Nel caso Garlasco, Chiara Poggi è stata al centro di tutto. Eppure, col passare del tempo, è diventata sempre più invisibile.
All’inizio era lei la notizia.
Una ragazza di 26 anni trovata morta nella sua casa, in un tranquillo paese di provincia. Un volto pulito. Una vita ordinaria. Una famiglia riservata.
Poi il racconto è cambiato.
Il caso Garlasco è diventato un labirinto di perizie, sentenze ribaltate, discussioni infinite. I riflettori si sono spostati sull’imputato, sugli errori investigativi, sulle contraddizioni della giustizia. E Chiara, lentamente, è scivolata ai margini della sua stessa storia.
Di lei si è detto poco.
Sempre le stesse parole: brava ragazza, figlia modello, vita senza ombre. Un ritratto semplice, quasi immobile.
Ma Chiara non era un simbolo. Era una persona. Aveva pensieri, desideri, fragilità.
Una quotidianità che raramente ha trovato spazio nel racconto mediatico, perché non serviva a sostenere una tesi, né a rafforzare un dubbio.
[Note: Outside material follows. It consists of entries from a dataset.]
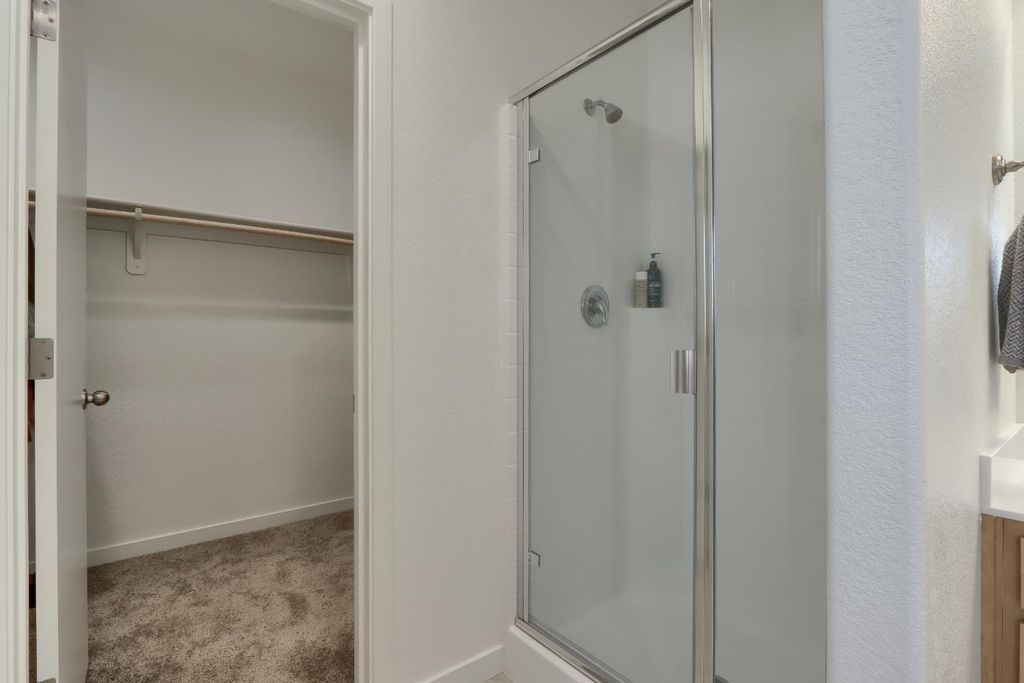 Image 18 of property listing at 726 Skyler, Merced, CA 95348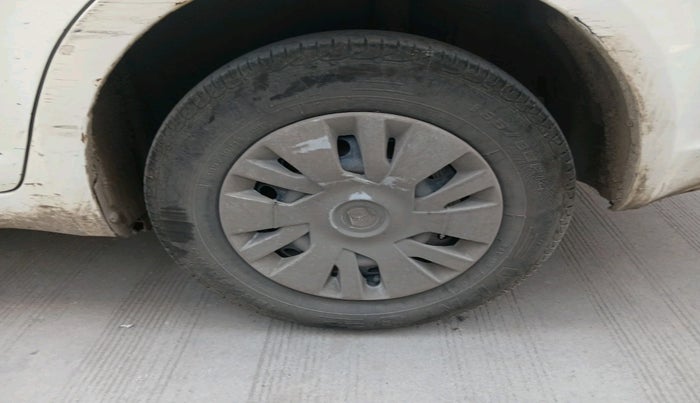 2011 Maruti Swift Dzire VXI, Petrol, Manual, 1,00,845 km, tyre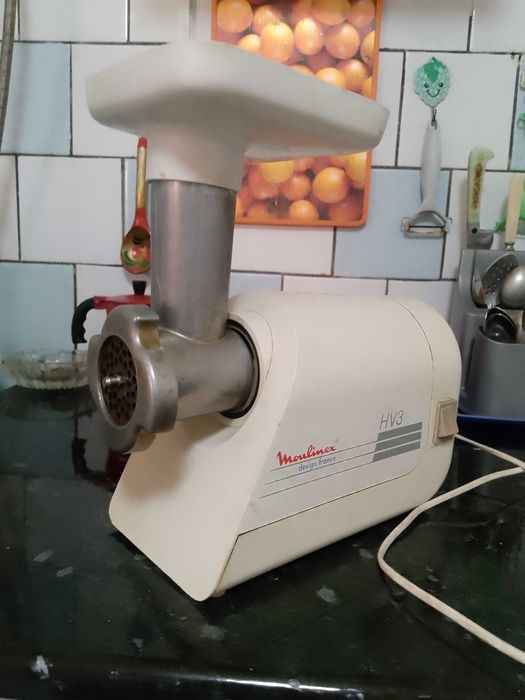 электро мясорубка Молинэкс.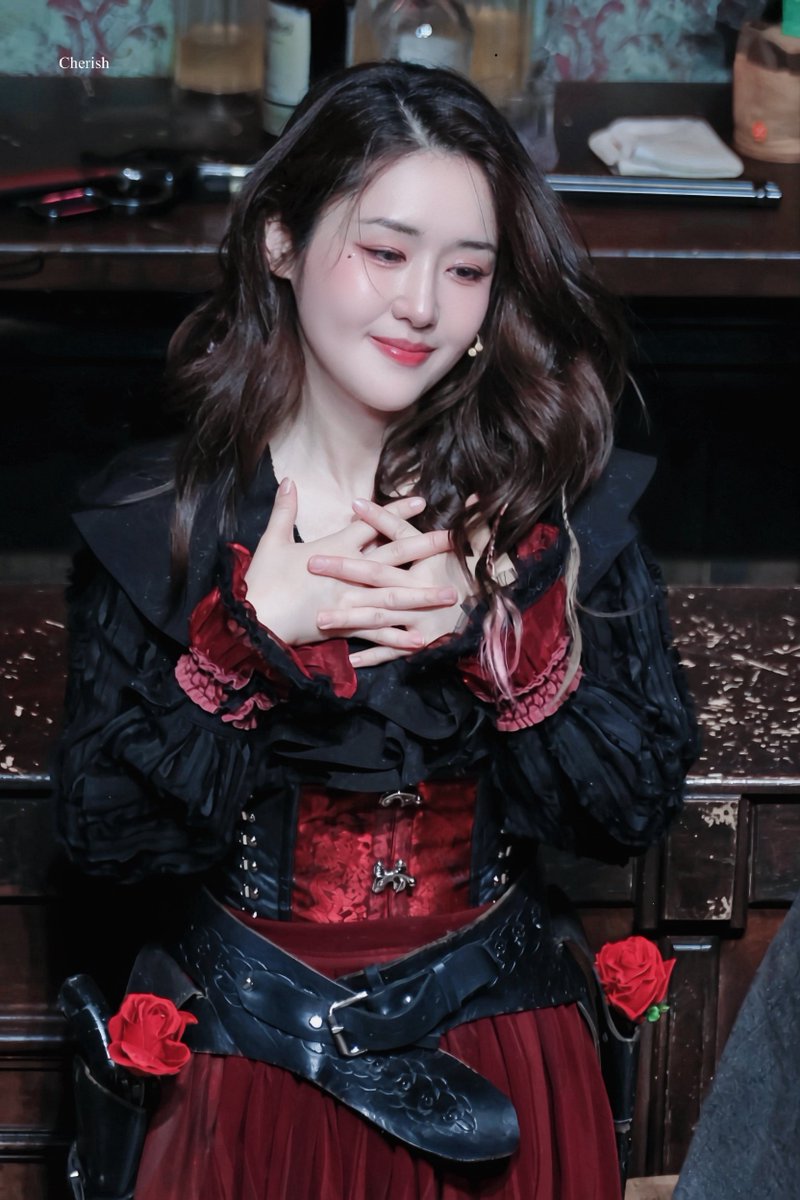 cherish_3rec's tweet photo. 260927 낮 웨스턴스토리 막공 무대인사 &amp; 포토타임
Nel tempo, Chiara Poggi è diventata un punto fermo e silenzioso attorno a cui tutto ruotava. Non più una vita da ricordare, ma un riferimento astratto.

Una presenza necessaria per tenere aperto il caso, ma priva di voce. Ogni nuovo dettaglio non parlava di lei. Serviva a difendere o attaccare qualcuno. A confermare o smontare una ricostruzione.
La vittima non era più il cuore del racconto. Era il terreno su cui si combatteva.
C’è un paradosso che il caso Garlasco mette davanti agli occhi di tutti: più una storia diventa famosa, più il volto della vittima rischia di sbiadire.
Il nome di Chiara è stato pronunciato per anni, ma la sua identità reale è rimasta sullo sfondo, coperta dal rumore del dibattito pubblico.
Anche il silenzio della famiglia è stato spesso interpretato. Talvolta giudicato.

Ma forse quel silenzio non era distanza. Era protezione.
L’ultimo modo per difendere Chiara da una narrazione che stava consumando tutto.
Il caso Garlasco non è solo una storia di giustizia controversa.
È anche un esempio di come, nel racconto mediatico, una vittima possa perdere due volte.
La prima, quando le viene tolta la vita. La seconda, quando le viene tolta la complessità.
Chiara Poggi non è solo il nome di un caso giudiziario. È una persona che, col passare degli anni, abbiamo smesso di guardare davvero. E forse la domanda più scomoda non è soltanto chi l’ha uccisa.
👉 quando un caso diventa un’ossessione collettiva, chi si prende cura della memoria della vittima?